En intégrant des essais en plein champ, nouveaux et en cours, menés sur des terres cultivées et en forêt sous différents climats, et en les combinant à une modélisation basée sur les processus, C-ROCK vise à déterminer dans quelles circonstances l’utilisation des eaux usées traitées (EUT) favorise la séquestration du carbone dans les sols et dans quelles circonstances elle risque d’accélérer les pertes de carbone. Le projet développera également, en collaboration avec les parties prenantes, des stratégies de suivi et des outils de modélisation, afin de garantir des estimations robustes et adaptables du potentiel de séquestration du carbone par les EUT.
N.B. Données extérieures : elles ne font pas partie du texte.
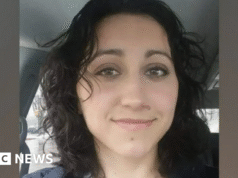 Uma mulher do Colorado foi extraditada do Reino Unido para os EUA por supostamente matar seus filhos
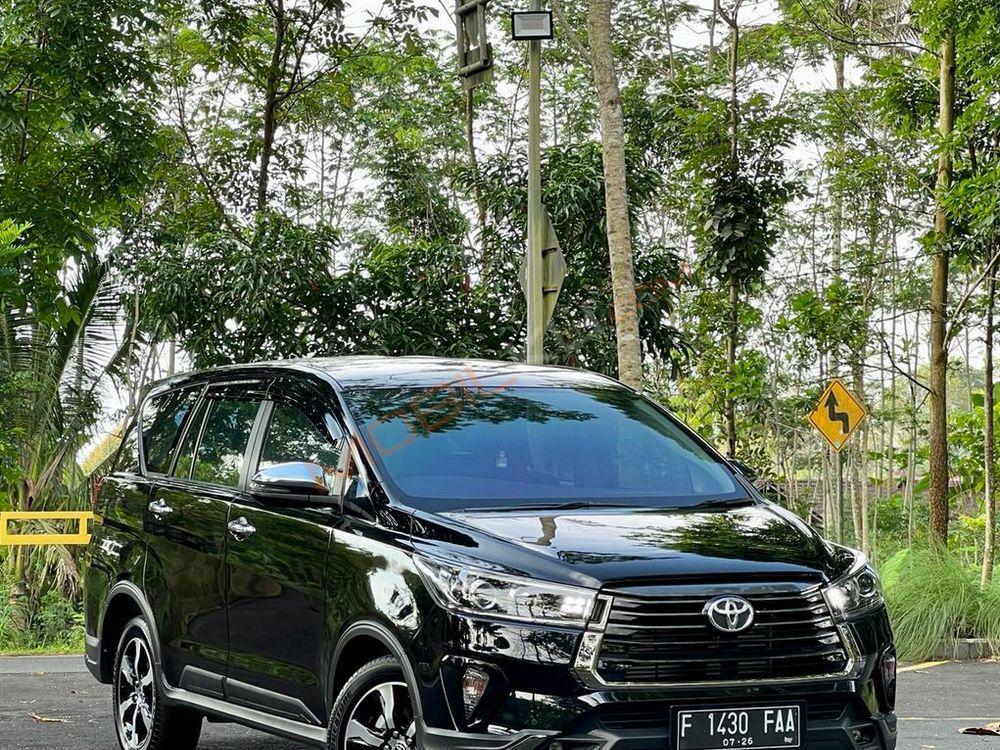 Mobil Toyota Kijang Innova 2021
Cette initiative novatrice a pour objectif de fournir les données probantes essentielles pour orienter le déploiement responsable des EUT, en faisant le lien entre les expériences locales prometteuses, les évaluations du potentiel à l’échelle mondiale et les applications concrètes.

Contact: Daniel Goll (LSCE)

References

  • Goll, DS., Philippe Ciais, Thorben Amann, Wolfgang Buermann, Jinfeng Chang, Sibel Eker, Jens Hartmann, Katsumasa Tanaka et al. « Potential CO2 removal from enhanced weathering by ecosystem responses to powdered rock. » Nature Geoscience 14, no. 8 (2021): 545-549.
  • Bi, Boyuan, Guochen Li, Daniel S. Goll, Luxiang Lin, Hui Chen, Tongtong Xu, Qiong Chen et al. « Enhanced rock weathering increased soil phosphorus availability and altered root phosphorus‐acquisition strategies. » Global Change Biology 30, no. 5 (2024): e17310.
  • Gaucher, Yann, Katsumasa Tanaka, Daniel JA Johansson, Daniel S. Goll, and Philippe Ciais. « Leveraging ecosystems responses to enhanced rock weathering in mitigation scenarios. » Nature Communications 16, no. 1 (2025): 3021.
  • Xu, Tongtong, Zuoqiang Yuan, Sara Vicca, Daniel S. Goll, Guochen Li, Luxiang Lin, Hui Chen et al. « Enhanced silicate weathering accelerates forest carbon sequestration by stimulating the soil mineral carbon pump. » Global Change Biology 30, no. 8 (2024): e17464.
  • Chen, Qiong, Daniel S. Goll, Mardin Abdalqadir, Xinjian He, Guochen Li, Boyuan Bi, Tongtong Xu et al. « Divergent responses of carbon and nitrogen functional genes composition to enhanced rock weathering. » Communications Earth & Environment 6, no. 1 (2025): 645.
  • Wang, Xing, Guochen Li, Arshad Ali, Camelia Algora, Manuel Delgado-Baquerizo, Daniel S. Goll, Sara Vicca et al. « Enhanced rock weathering boosts ecosystem multifunctionality via improving microbial networks complexity in a tropical forest plantation. » Journal of Environmental Management 373 (2025): 123477.
  • Xu, T., Li, H., Vicca, S., Goll, D. S., Beerling, D. J., Chen, Q., … & Yuan, Z. (2025). Enhanced Rock Weathering Promotes Soil Organic Carbon Accumulation: A Global Meta‐Analysis Based on Experimental Evidence. Global Change Biology, 31(9), e70483.
  • Wu, Z., Su, C., Gao, M., Kang, R., Goll, D. S., Yao, M., … & Fang, Y. (2025). Carbon sequestration induced by enhanced silicate rock weathering in a temperate larch plantation in Northeastern China. Forest Ecology and Management, 597, 123135.